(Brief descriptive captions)
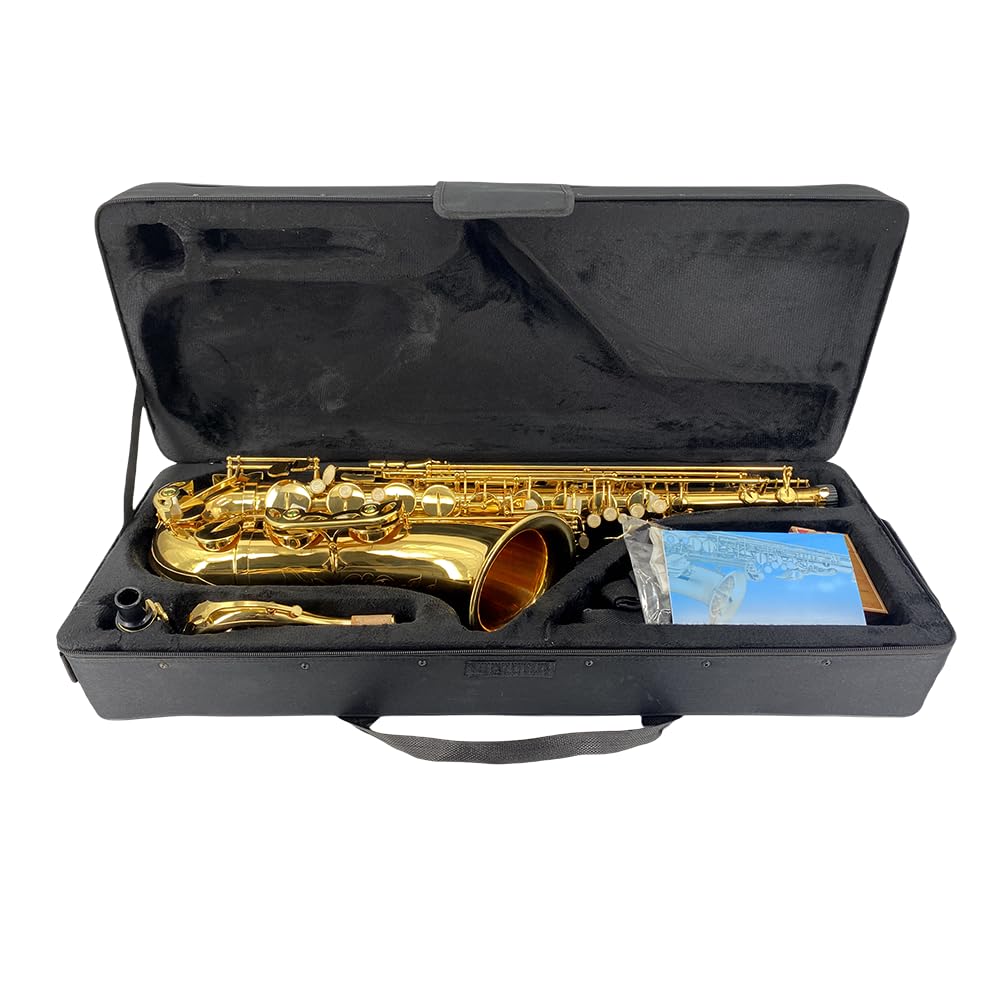 Alto Saxophone E Flat for Adults Student Sax Eb Alto Full Kit With Carrying Sax Case Mouthpiece Straps Reeds Saxophone Beginner Kit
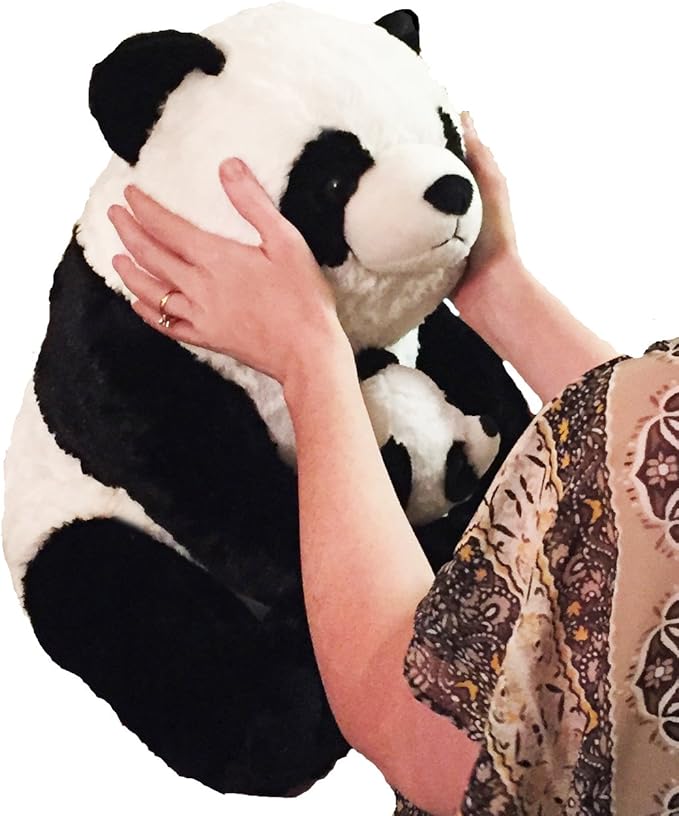 Mother and Baby Panda Plush Set | Super Soft Panda Stuffed Animal | Cute Plushies for Kids Bedroom | 18-in Stuffed Animals for Girls & Boys | Sittingpanda Stuffed Animal Toys by Exceptional Home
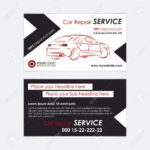 Auto Repair Business Card Template. Create Your Own Business.. In Automotive Business Card Templates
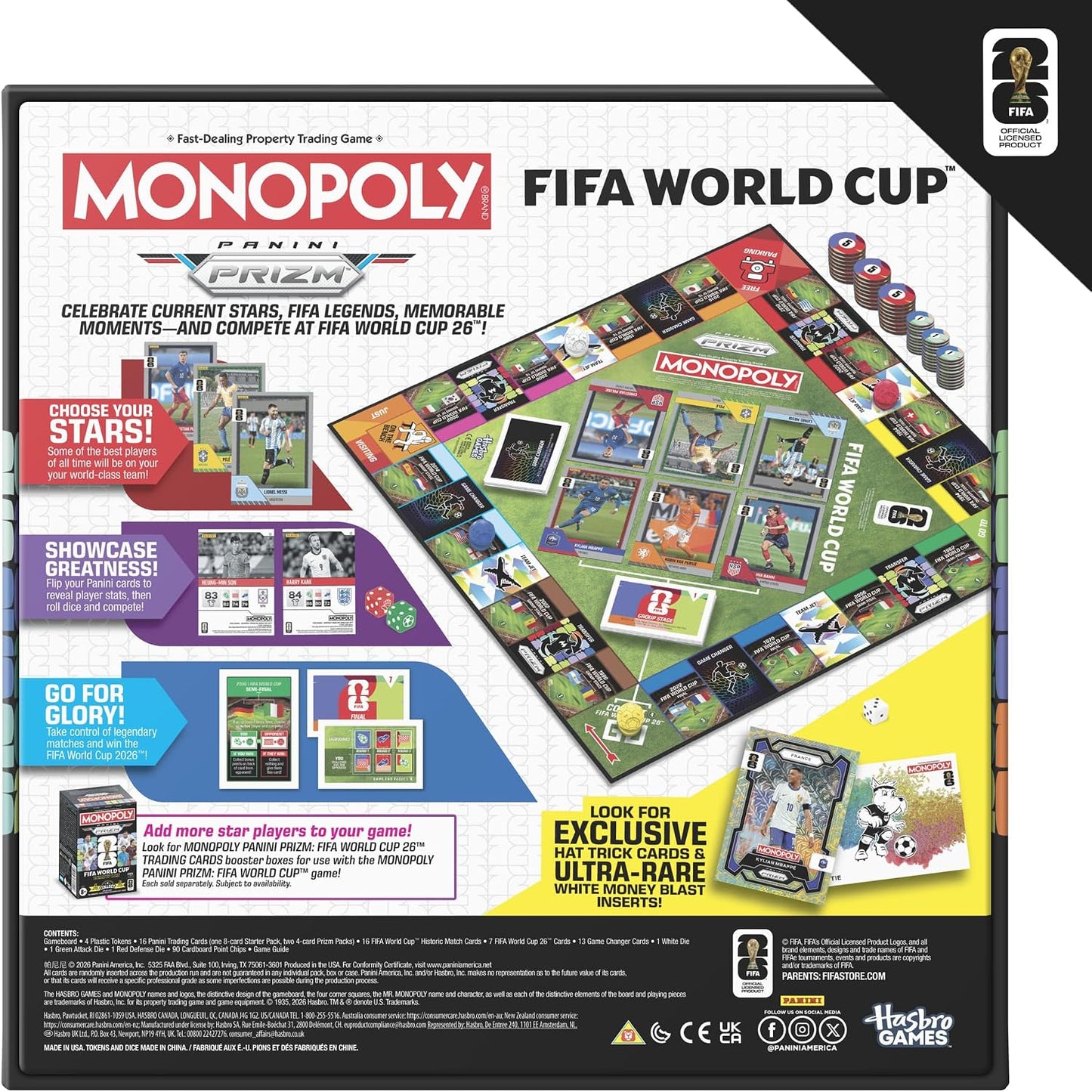 Monopoly Panini Prizm: Juego de mesa de fútbol de la Copa Mundial d...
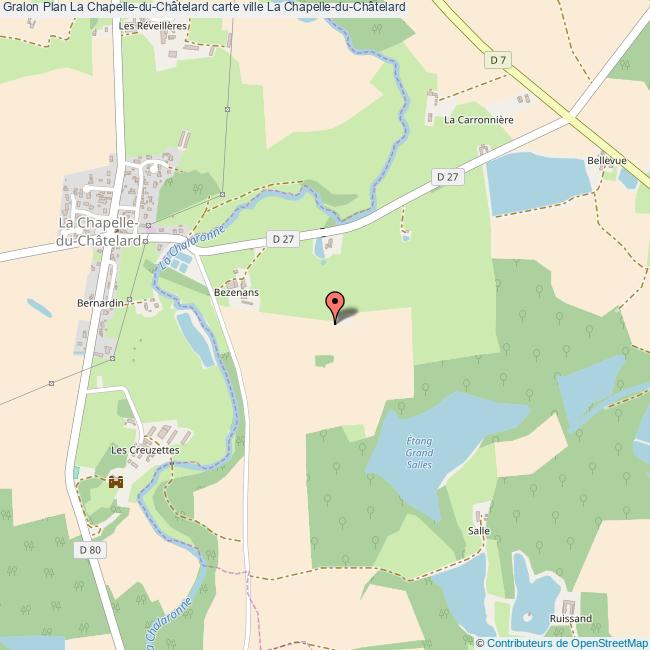 Plan La ChapelleduChâtelard carte ville La ChapelleduChâtelard
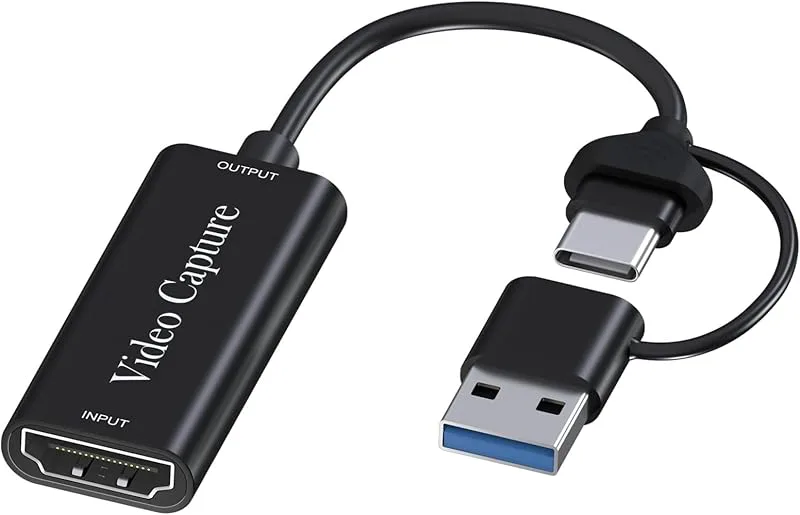 Videoinspelningskort USB-A/USB-C 3.0 till HDMI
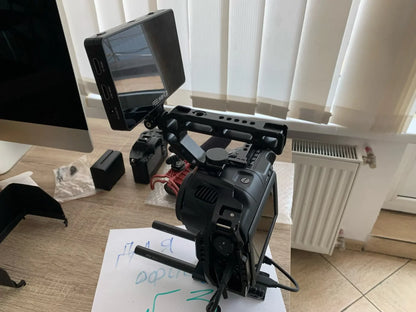Minifocus Monitor Holder Cold Shoe Mount for Camera, 180° Tilt Adjustable Bracket for Field Monitors, Microphone, Hot Shoe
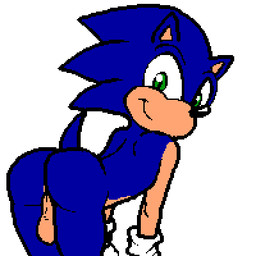 anthro balls blue_body butt clothing genitals gloves green_eyes handwear male shaking_butt simple_background smile smirk solo tail white_background wiggle ancientonyx sega sonic_the_hedgehog_(series) sonic_the_hedgehog animal_humanoid eulipotyphlan eulipotyphlan_humanoid hedgehog_humanoid humanoid mammal mammal_humanoid 1:1 animated low_res
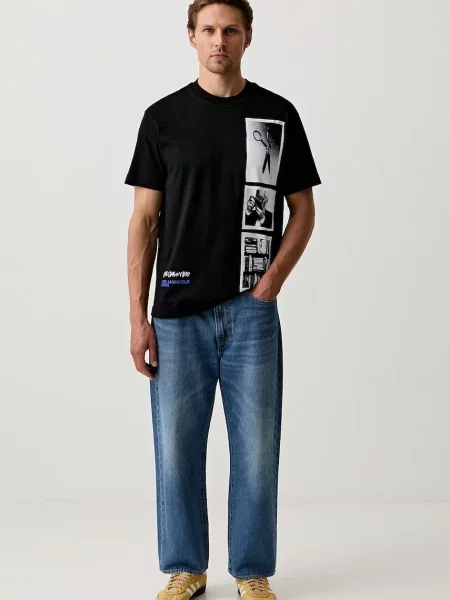Karl Lagerfeld Jeans tričko pánske čierna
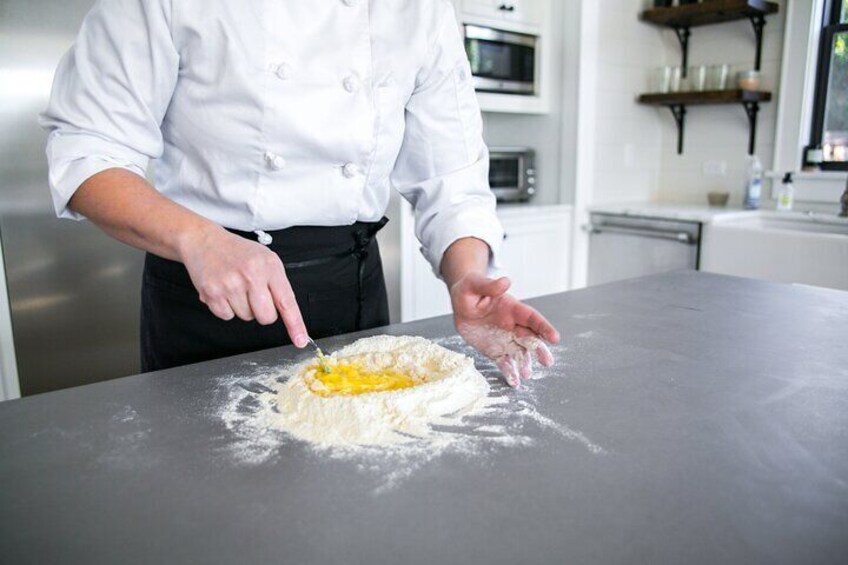 Italian Pasta Making in San Francisco Includes 4 Course Meal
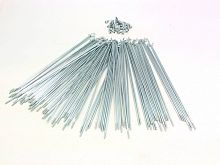 179мм. Спицы оцинк. 2,0мм 14G с ниппелями 1/2"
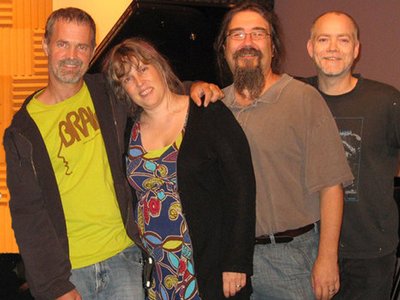 The SPACECRAFT crew during recent 2010 recording sessions.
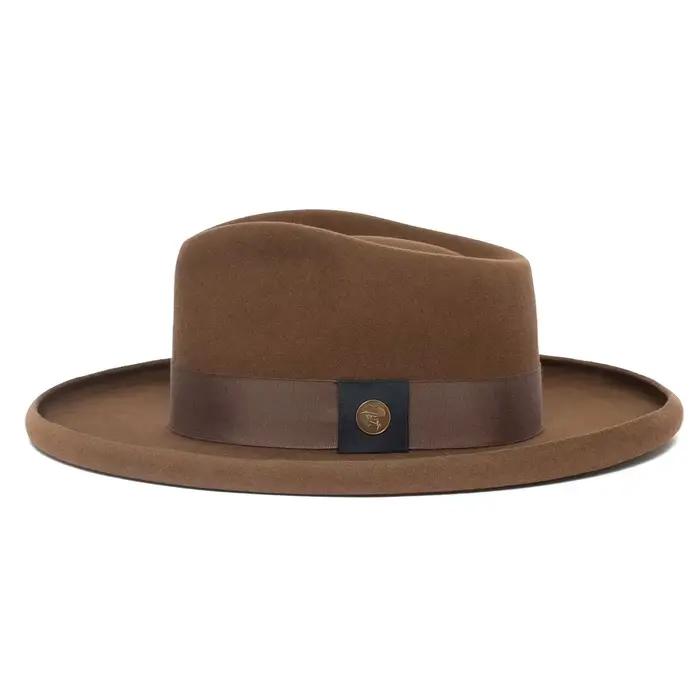 Chapeaux 100% laine en feutre doux pour femmes et hommes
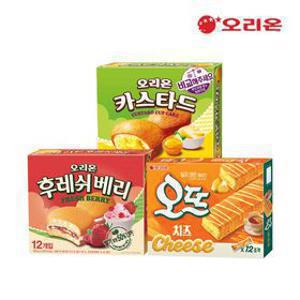 오리온 카스타드12p + 오뜨치즈12p + 후레쉬베리12p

# Activity
Print only the lines from the line that contains "The SPACECRAFT crew" to the final line of the data, inclusive. Pictures stay out.

# Solved exercise
 The SPACECRAFT crew during recent 2010 recording sessions.
 Chapeaux 100% laine en feutre doux pour femmes et hommes
 오리온 카스타드12p + 오뜨치즈12p + 후레쉬베리12p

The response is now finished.